The truth is that the "text" is a stranger among readers. The two are not the same. This being the case, the text is entitled to the kind of ethical treatment we would afford any other stranger among us. We have not the right nor the authority to treat the text any way we please. After all, this text is not just any text. It is the text of the Sovereign Divine. And we are His subjects, having a moral obligation to respect that which He has sent to us in the instrument we call the text of Scripture. Will we impose ourselves on the virtuous and holy text of God? Do we think to ourselves that we have the right to approach the text with the same light regard for it as we have for everything else in our culture? Or will we treat it with the dignity and respect that its nature demands?

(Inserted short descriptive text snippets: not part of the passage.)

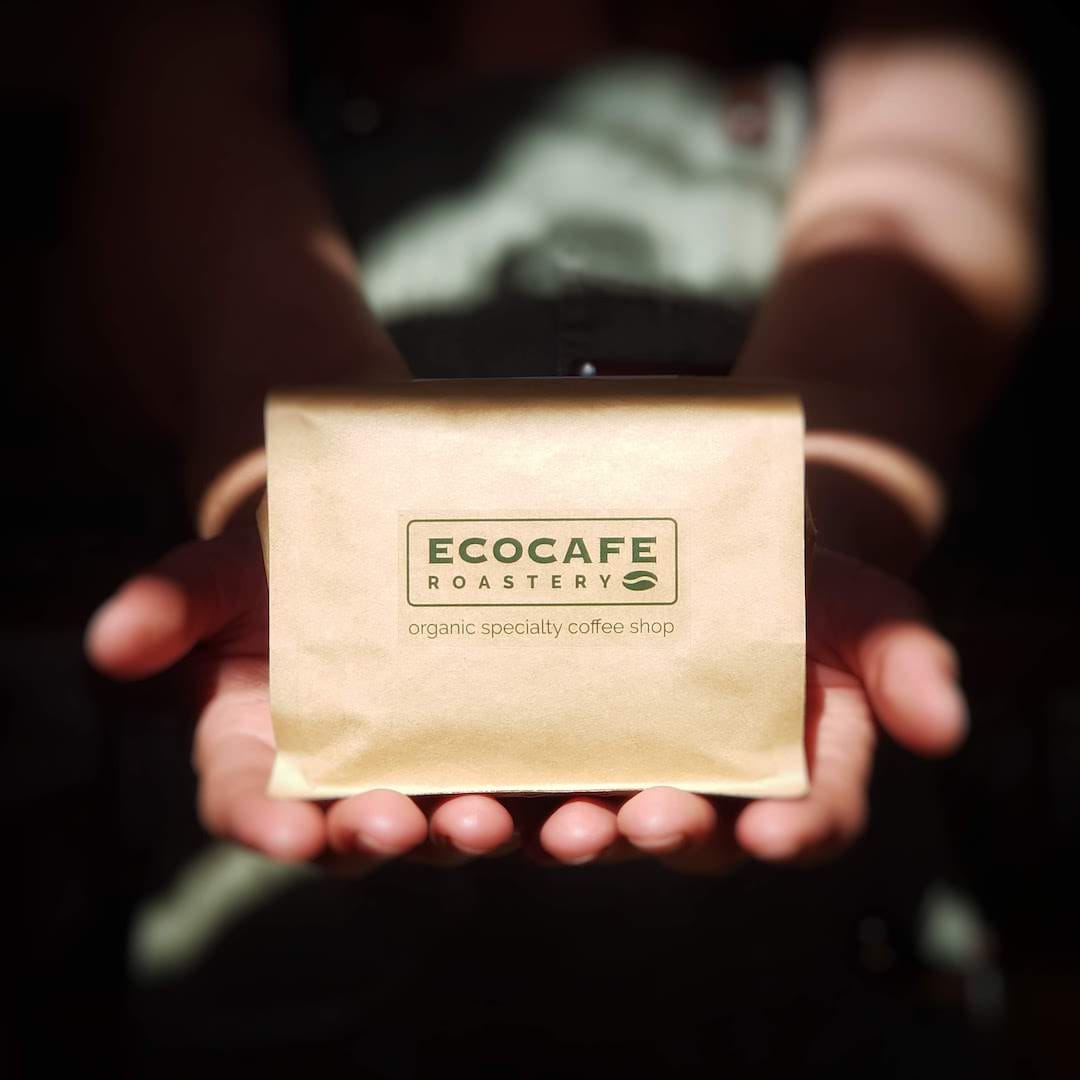 Ecocafe - organic specialty coffee shop photo 6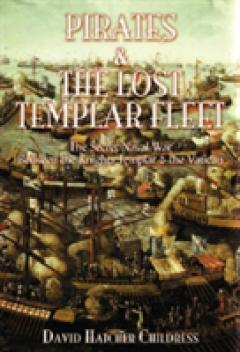 Pirates and the Lost Templar Fleet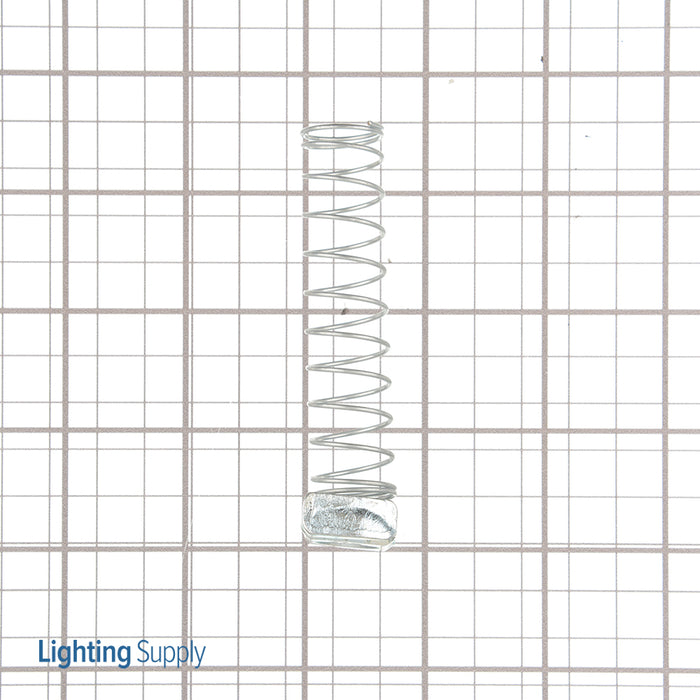 Southwire Garvin Long Spring Nut For 1/2-13 Rod (SNLS1213)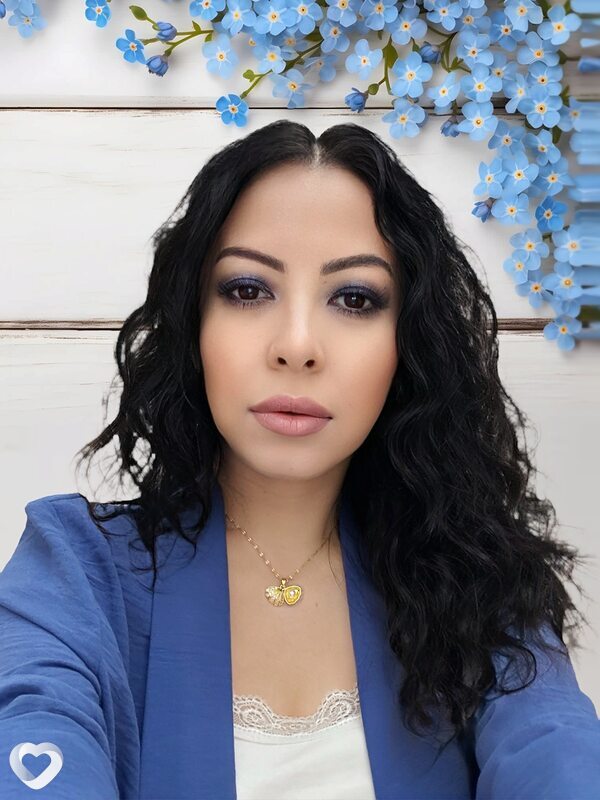 Леди Ястреб, 40, Алматы — анкета №260342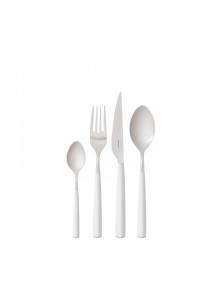 ATHENA, Cutlery Set 24 pcs, Box Gallery, Casa Bugatti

Kevin J. Vanhoozer sums it up far more eloquently that I ever could:
Bereft of sound doctrine, the church is blown about by cultural fads and intellectual trends. Indeed, this has largely been the story of the church, and of theology, in the modern world. There has been an atrophying of theological muscle as a result of too many correlations and accommodations to philosophical and cultural trends. [Vanhoozer, The Drama of Doctrine: A Canonical and Linguistic Approach to Christian Theology, pg. 3.]Without a Christian text, Christian theology is impossible. And without Christian theology, Christian living is impossible. Hence, without Christian living, the Christian God is reduced to irrationalism of the most profane sort. Let each one of us regard the text as holy, and the reader as fallible, sinful, selfish, contaminated with idolatrous desires which lead us away from the Creator who has full right to our obedience in all places, at all times, and in all circumstances.